Однако не менее емкую часть интертекстуального пространства повести занимает межтекстовый диалог с лермонтовскими претекстами, поэтическими и прозаическими.

Как становится ясным из текста, основным вопросом, стоящим перед героем довлатов-ской повести, оказывается вопрос: уезжать или не уезжать? отправиться вместе с женой и дочерью в эмиграцию или остаться на родине? Проблемный спор разворачивается в тексте преимущественно между главным героем и его женой, уже решившейся на отъезд, ответившей утвердительно на острый жизненный вопрос.

Что касается главного героя Бориса Алиханова, то для него вопрос серьезно драматичен, не ясен, не решен, герой склоняется скорее к тому, чтобы остаться на родине, хотя для него, писателя, отсутствие свободы печататься, публично высказывать собственное мнение, вступать в диалог с читателем воспринимается острее и болезненнее, чем продуктово-промыш-ленный дефицит, бесконечные очереди или «рваные колготки» (которые лейтмотивом звучат в суждениях его жены). В условиях неразрешимого спора, в обстоятельствах выяснения истины о родине и изгнании поездка героя Алиханова из Ленинграда на летнюю работу в Пушкинские горы оказывается своего рода «сублимацией» [2, с. 216], попыткой через посредство литературы разрешить острейший жизненный вопрос - на примере судьбы Пушкина (и шире - русских литераторов) попытаться понять, что такое ссылка, заточение, изгнание, то есть - в жизненном хронотопе персонажа - согласиться с эмиграцией или отказаться от нее.

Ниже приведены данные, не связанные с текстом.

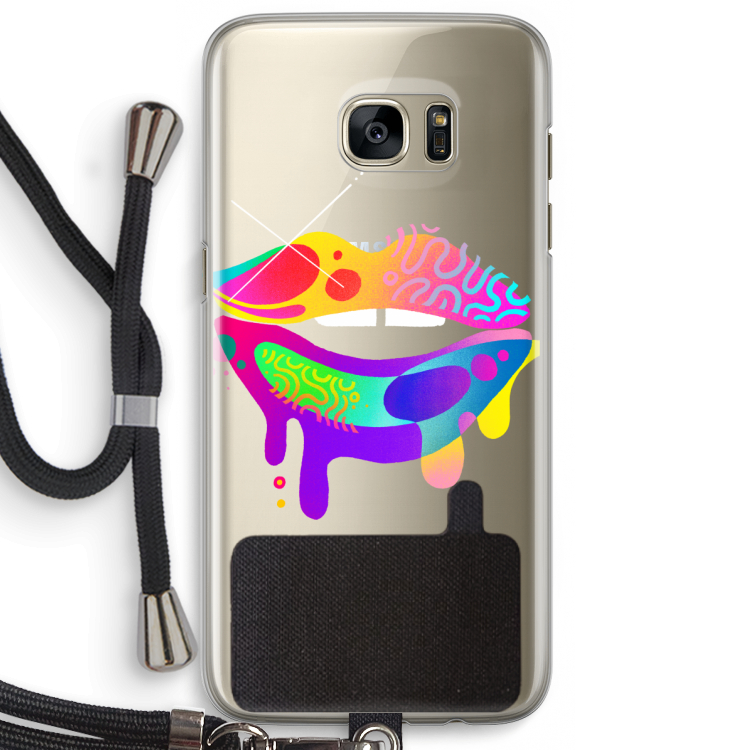 Lip Palette: Samsung Galaxy S7 Edge Transparant Hoesje met koord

Уже на сюжетном уровне интертекстуальный мотив путешествия (философский мотив) обретает черты не только собственно пушкинские и, как следствие, черты «странного» героя Онегина, по доброй воле решившего оставить петербургский свет (точнее, по причинам семейным - желание навестить больного дядю), но и насыщается чертами «лишнего» героя Печорина, чей отъезд на Кавказ мотивирован не житейскими обстоятельствами, а «казенной надобностью», парафраза ссылки. Добрая воля и принуждение в разных пропорциях соседствуют в образах Онегина и Печорина, и герою Довлатова (как показывает текст) ближе оказывается последний.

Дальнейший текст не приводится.